One of the most famous French soft cheeses Camembert is a luscious, buttery cheese with a thin, edible, aromatic rind. Though made throughout the world, authentic Camembert is from Normandy, an area of northwest France where cows graze on rich soil scattered with apple trees.
Some people claim to be able to taste a hint of apple in Camembert, but overall the cheese is more earthy and nutty, with the mildest hint of mould. Though often compared to Brie, Camembert is much more robust and complex. This real king of French cheeses has a chalky white rind made from added mould, and when ripe, an oozing, creamy suppleness and saltiness that is altogether unique.

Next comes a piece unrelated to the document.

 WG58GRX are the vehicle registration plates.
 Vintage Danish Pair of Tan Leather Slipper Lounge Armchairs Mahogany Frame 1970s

Legend has it that Camembert was first made by farmer’s wife Marie Harel. She was given the secret of its recipe by Abbe Charles-Jean Bonvoust, a priest from Brie who sought refuge at Harel’s Beaumoncel farm during the French Revolution. Harel served the cheese to Napoleon as a gift from the village of Camembert. Napoleon is said to have christened the cheese he enjoyed with the name “Camembert” to forever distinguish it from France’s other soft cheeses.
Today in the Norman village of Camembert, there is a statue to honour creator Marie Harel. However, it’s likely the cheese was crafted long before Harel was even born. Writings confirm the Normandy region was acclaimed for its cheeses since the 1500s. It’s more probable that Camembert became famous during the 1850s thanks to the advent of the railroad. The cheese became well known throughout Paris and all of France during this time. In 1890, engineer M. Ridel invented the now famous round wooden box and Camembert was exported throughout the world.
The making of Camembert is closely related to that of many other famous soft French cheeses, including Brie. For traditional Camembert, only the fresh raw milk of Norman cows is used. This milk has a high fat content and is rich in proteins and vitamins. Once the milk is curdled, it is inoculated with Penicillium camemberti bacterium. Then the curd is packed into moulds and aged. An affinage of 21 days is legally required, and during this time, the penicillium mould forms the velvety white rind and slowly oozing centre that makes Camembert so famous.
It is said that in the village of Camembert, one local farmer continues the tradition of making Camembert using time-honoured methods. Though cheese makers around the world manufacture the more common commercial Camembert, authentic Camembert is made only in the Pays d’Auge region of Normandy, France. This Camembert is strictly controlled by the French government as an Appellation d’Origine Controlee (A.O.C.) product.
When buying Camembert, look for plump cheese that is soft to the touch. Avoid those with hard or cracked rinds, as this indicates that cheese did not age properly. When cut open, Camembert should ooze slowly from the middle and the paste should have a clear yellow appearance. If the cheese looks extremely runny, it’s overripe and probably unsafe for consumption. It will be bitter and rank.
Camembert is best enjoyed within seven days of purchase. Keep it refrigerated, tightly covered in its original packaging until ready to eat. Note that when Camembert is first unwrapped, it may give off a slight odour of ammonia. This is normal for a cheese with a white exterior ripening mould. Just let it rest unwrapped for a little while and the ammonia scent will disappear.
As a rule, Camembert should be served at room temperature (or even warm) to bring out its slightly salty and buttery flavour. This makes the gooey cheese even easier to spread on your favourite crackers or French baguette.
Camembert also makes a fine table cheese or luxurious addition to a cheese board. It’s perfect with grapes, berries, and melon and even more luscious with toasted nuts and sweet pears.
Camembert pairs beautifully with French Champagne and red wines such as Bordeaux or Beaujolais. In Normandy, Camembert is enjoyed with Calvados, a locally made dry apple brandy. Like Camembert, it’s considered one of the world’s greatest.